HOW TO COMPLETE THIS TASK -
Pictures must not appear in the copy. Set down exactly the line with "鹿嶋市　改装　リフォーム　トイレ" and each line after it through the end of the data below.

*** DATA PROVIDED Section Begins ***

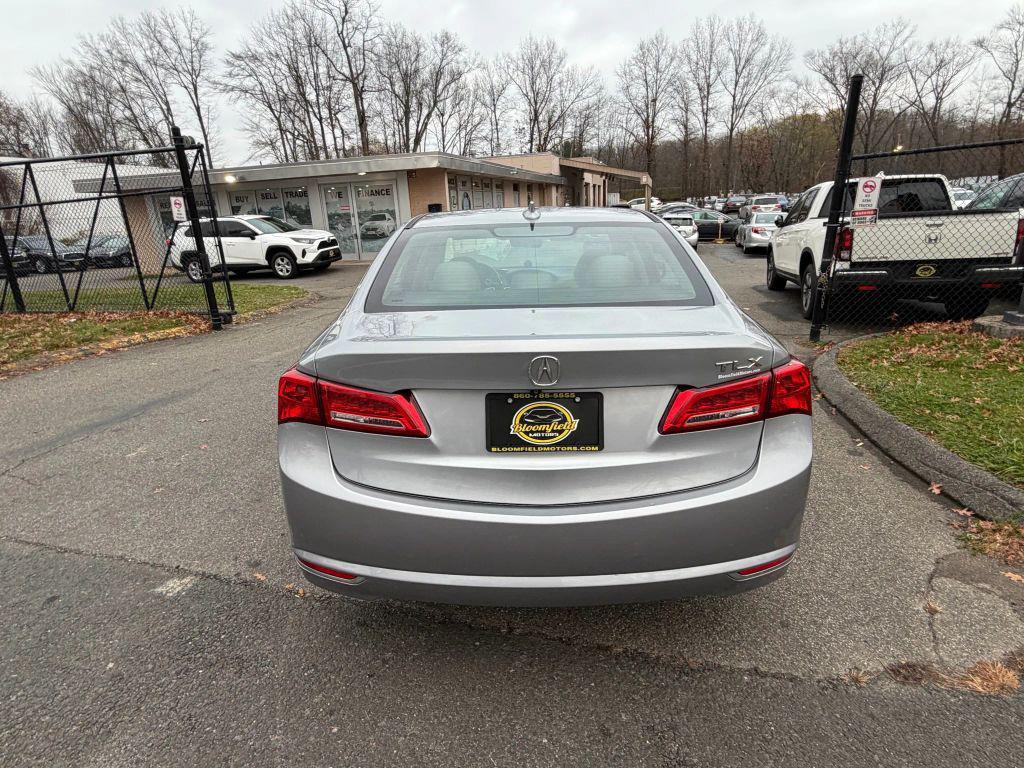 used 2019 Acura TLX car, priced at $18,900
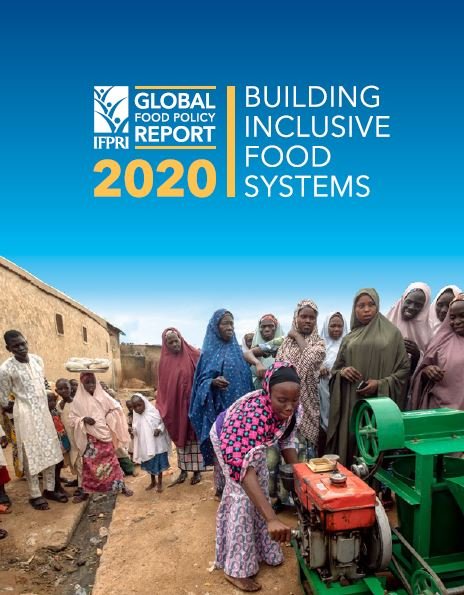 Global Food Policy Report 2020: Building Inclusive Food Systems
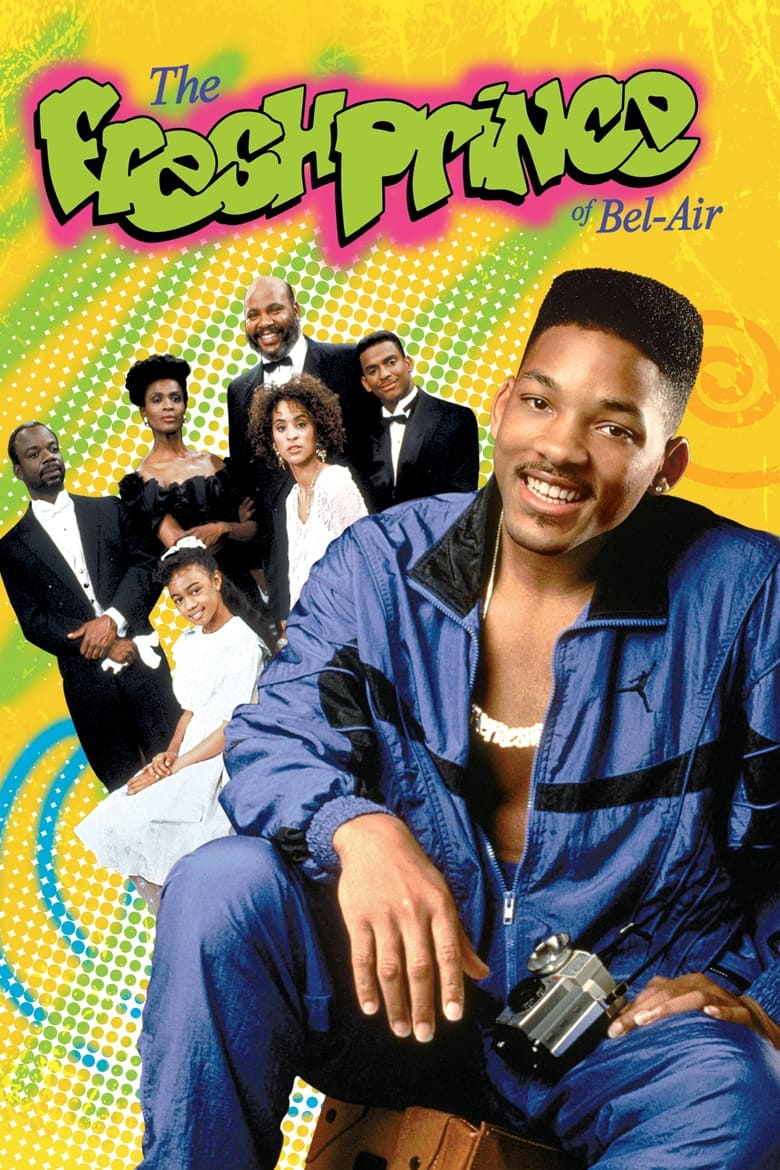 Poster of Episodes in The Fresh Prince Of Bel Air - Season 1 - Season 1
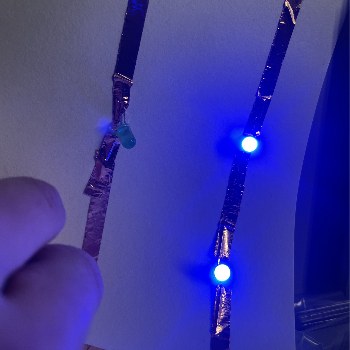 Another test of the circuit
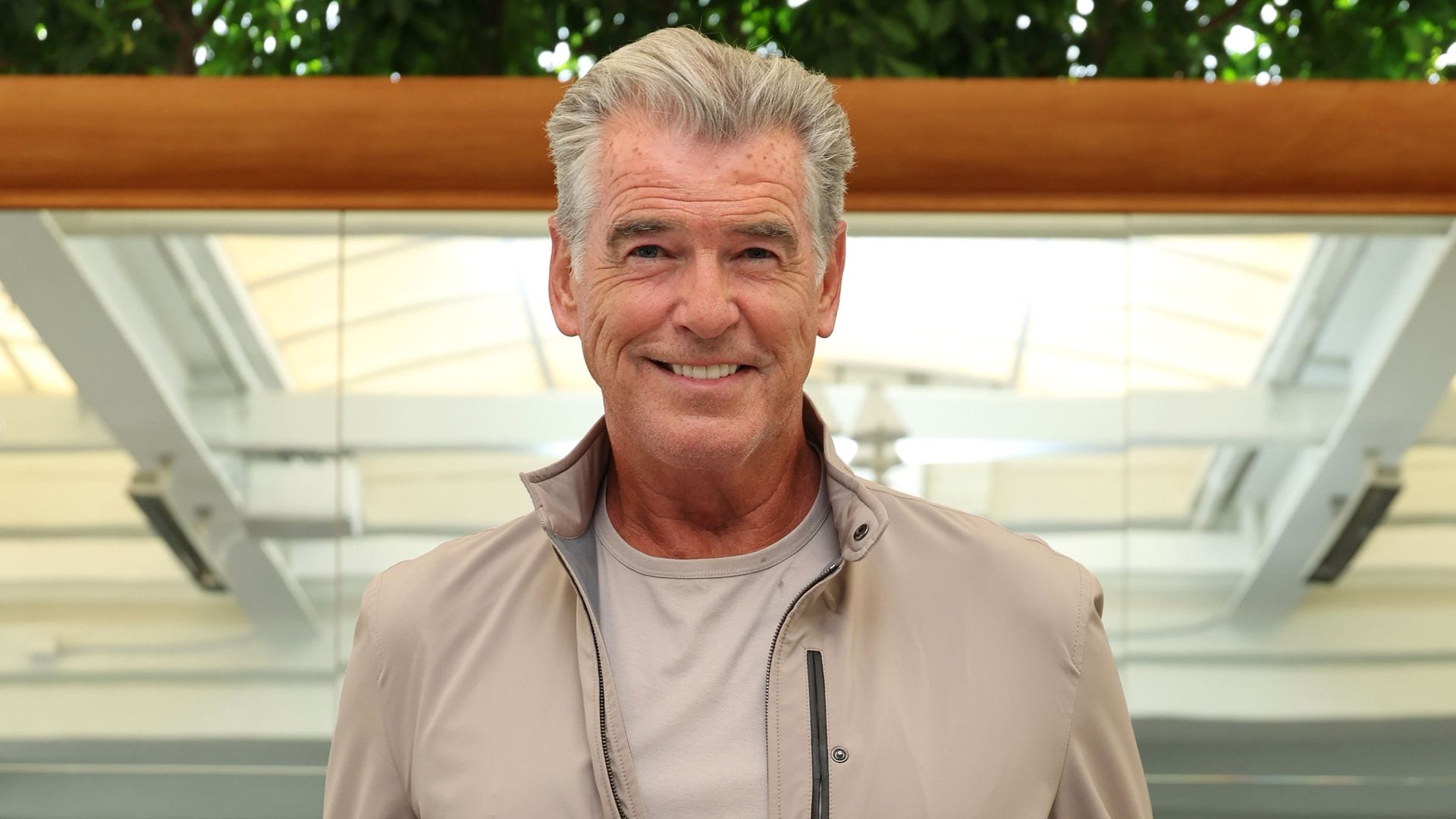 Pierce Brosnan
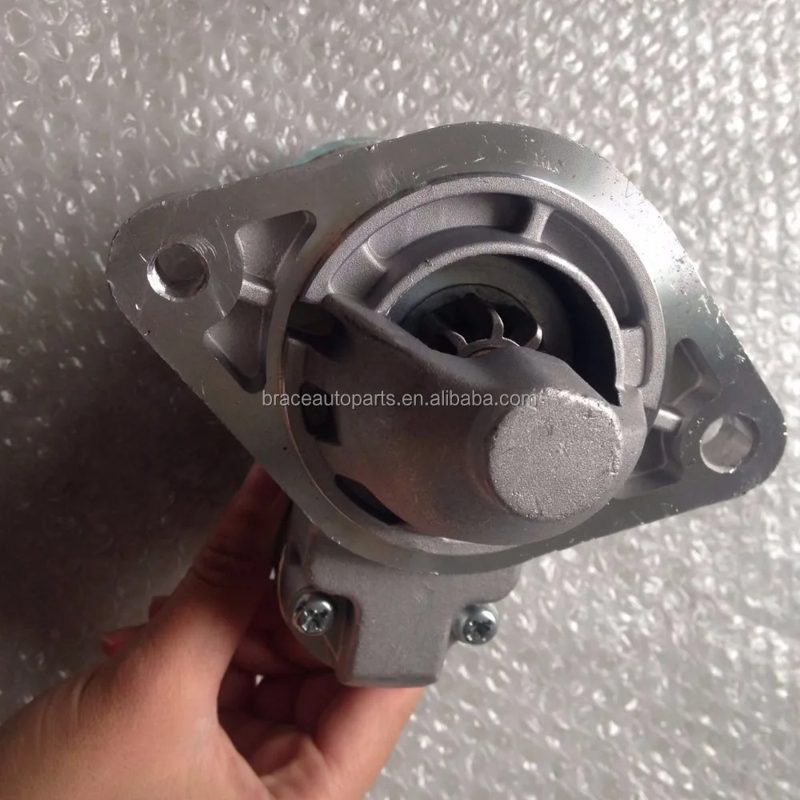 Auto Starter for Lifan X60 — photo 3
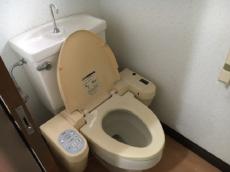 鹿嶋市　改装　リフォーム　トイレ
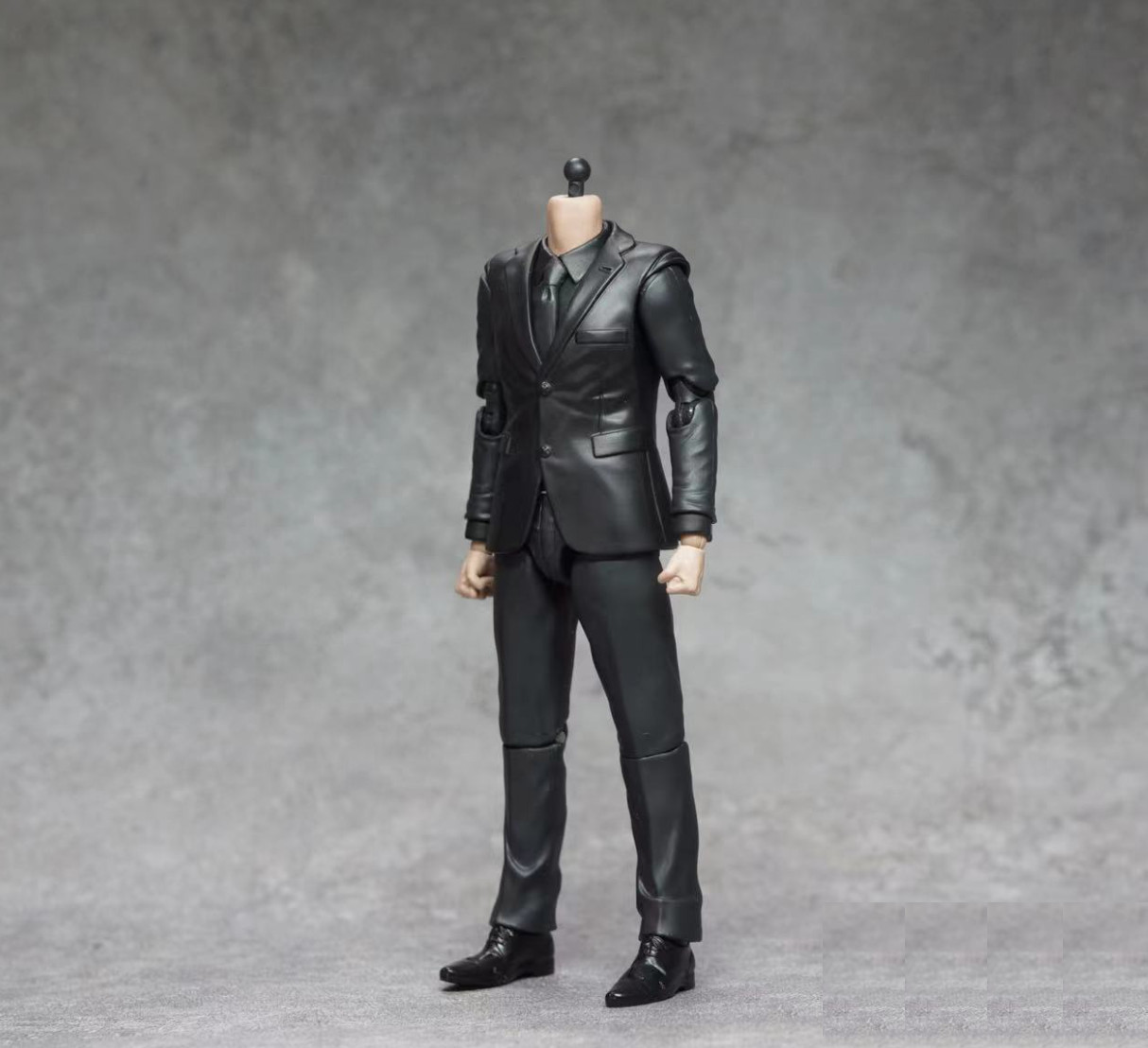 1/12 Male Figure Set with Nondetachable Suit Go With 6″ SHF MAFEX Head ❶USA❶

*** DATA PROVIDED Section Ends ***

RESULT BELOW -
 鹿嶋市　改装　リフォーム　トイレ
 1/12 Male Figure Set with Nondetachable Suit Go With 6″ SHF MAFEX Head ❶USA❶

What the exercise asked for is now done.